St. Pete City Council approved $235,000 for new equipment, technology and training and recruitment during a meeting Thursday.
The bulk of the money will pay for dash cams in police cars. The St. Petersburg Police Department will purchase 15 in-vehicle camera systems for use in its Street Crimes Unit. Those vehicles are not currently equipped for video.
The cameras will turn on automatically when the vehicle’s lights are activated. Officers can also turn the cameras on manually from the vehicle or from a remote on their belt.
“All of our street crimes officers we’re seeking additional funding to eventually outfit all of our officers,” said Assistant Police Chief Melanie Bevan.
This expense passed with relatively little discussion. However, one council member, Wengay Newton, was absent. He has previously brought up the possibility of equipping officers with body cameras.
That debate has taken on a national spotlight after a series of shootings involving unarmed black males and police officers who say they were threatened. The idea is to provide accountability in situations where police may have used unnecessary force and protection for officers who were justified in using force.
Dash cams provide some of those benefits, but have a limited scope of viewing because they’re on the vehicle, not the officer.
City council member Karl Nurse cautioned moving forward with purchasing more in-vehicle cameras until the agency knows more about the program’s success.

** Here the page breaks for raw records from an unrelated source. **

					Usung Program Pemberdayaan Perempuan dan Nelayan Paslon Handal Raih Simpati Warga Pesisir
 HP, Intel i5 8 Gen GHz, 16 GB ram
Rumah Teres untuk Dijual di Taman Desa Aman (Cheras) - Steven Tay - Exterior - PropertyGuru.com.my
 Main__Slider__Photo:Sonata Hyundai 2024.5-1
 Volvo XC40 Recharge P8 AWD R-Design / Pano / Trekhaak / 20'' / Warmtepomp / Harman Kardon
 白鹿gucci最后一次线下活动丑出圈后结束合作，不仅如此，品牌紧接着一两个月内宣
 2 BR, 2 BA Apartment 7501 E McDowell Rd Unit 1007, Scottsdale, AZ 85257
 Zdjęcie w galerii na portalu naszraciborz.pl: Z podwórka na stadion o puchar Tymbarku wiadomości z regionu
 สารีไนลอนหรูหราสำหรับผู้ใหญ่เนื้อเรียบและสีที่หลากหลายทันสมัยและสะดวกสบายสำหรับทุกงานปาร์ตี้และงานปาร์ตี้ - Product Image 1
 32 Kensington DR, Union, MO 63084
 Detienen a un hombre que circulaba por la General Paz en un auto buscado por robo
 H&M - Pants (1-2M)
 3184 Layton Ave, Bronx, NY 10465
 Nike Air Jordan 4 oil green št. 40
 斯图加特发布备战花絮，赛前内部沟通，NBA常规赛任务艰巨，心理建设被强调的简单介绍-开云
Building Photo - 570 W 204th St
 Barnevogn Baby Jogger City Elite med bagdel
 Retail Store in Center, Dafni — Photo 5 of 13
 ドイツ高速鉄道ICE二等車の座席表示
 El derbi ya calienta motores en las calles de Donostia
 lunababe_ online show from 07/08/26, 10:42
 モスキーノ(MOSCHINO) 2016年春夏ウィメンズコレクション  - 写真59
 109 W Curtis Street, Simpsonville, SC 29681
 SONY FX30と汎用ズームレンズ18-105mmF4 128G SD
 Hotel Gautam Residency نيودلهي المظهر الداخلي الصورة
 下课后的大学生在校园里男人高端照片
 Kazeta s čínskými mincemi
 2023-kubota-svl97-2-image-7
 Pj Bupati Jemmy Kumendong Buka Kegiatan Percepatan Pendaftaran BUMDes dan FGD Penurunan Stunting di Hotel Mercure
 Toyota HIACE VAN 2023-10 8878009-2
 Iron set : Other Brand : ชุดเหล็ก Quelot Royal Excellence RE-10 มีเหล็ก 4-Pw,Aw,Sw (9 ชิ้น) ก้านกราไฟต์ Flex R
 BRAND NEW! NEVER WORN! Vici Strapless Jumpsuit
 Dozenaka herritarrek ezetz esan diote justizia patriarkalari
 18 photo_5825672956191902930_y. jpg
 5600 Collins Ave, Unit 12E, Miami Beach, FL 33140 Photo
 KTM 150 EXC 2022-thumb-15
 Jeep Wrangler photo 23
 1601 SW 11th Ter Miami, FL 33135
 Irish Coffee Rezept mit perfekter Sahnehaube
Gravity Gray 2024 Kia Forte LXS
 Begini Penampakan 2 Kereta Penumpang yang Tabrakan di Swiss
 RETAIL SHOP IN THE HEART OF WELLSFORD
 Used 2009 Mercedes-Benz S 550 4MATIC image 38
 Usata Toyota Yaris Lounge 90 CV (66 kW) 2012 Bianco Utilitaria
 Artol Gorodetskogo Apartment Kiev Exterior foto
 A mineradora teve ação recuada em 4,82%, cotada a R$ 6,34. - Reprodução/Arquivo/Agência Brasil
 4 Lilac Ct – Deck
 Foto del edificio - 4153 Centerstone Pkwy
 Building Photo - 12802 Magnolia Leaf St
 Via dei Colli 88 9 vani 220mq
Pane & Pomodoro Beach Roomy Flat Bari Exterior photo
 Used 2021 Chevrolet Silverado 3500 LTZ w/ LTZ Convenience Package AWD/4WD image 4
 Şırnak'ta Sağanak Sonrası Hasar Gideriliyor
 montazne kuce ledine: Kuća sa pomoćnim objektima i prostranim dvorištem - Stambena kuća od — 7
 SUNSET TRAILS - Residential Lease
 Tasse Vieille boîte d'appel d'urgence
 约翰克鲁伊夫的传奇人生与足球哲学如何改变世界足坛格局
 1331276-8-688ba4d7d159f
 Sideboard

“I would be more comfortable that we buy these 15 … before we spend $3 or 4 million to buy them across the board,” Nurse said.
St. Pete Police will also spend $50,000 on four new Segways. The new vehicles will replace the five old ones the agency currently uses.
The new Segways are built specifically for law enforcement. They have lights and sirens, a broader footprint to make them easier to ride and reflective taping similar to what’s on the police cruisers.
“[It’s] not [an] in your face way of being out there among the people,” said Sergeant Mike Bush. “[It’s a] great way to patrol the trail, the mall anywhere pedestrians are your main issue that you’re dealing with.”
According to Bush, to repair the five older Segways the agency currently owns would cost about $7,000.
Also on the list of new buys for the agency is $35,000 worth of updated Microsoft SharePoint software. That’s used to create a website where officers can store, organize, share and access important departmental information through a secure server on any device
It will also hold all BOLOs (be on the look out), general procedures and standard operating procedures as well as training videos. Officers can also access the information from their in-vehicle computers.
The agency will also spend $15,000 for five Panasonic Toughpad G1 tablet-style devices for the road patrol unit for issuing citations. The technology will allow officers to issue citations electronically so they can be processed on a daily basis. Officers currently use paper citations that require someone to input the information manually later.
Another $40,000 will be used for training and recruiting.
City Council also approved another $2,500 for the Treasury Forfeiture fund to be used for department representation for Police Week at the National Law Enforcement Officers memorial in Washington DC.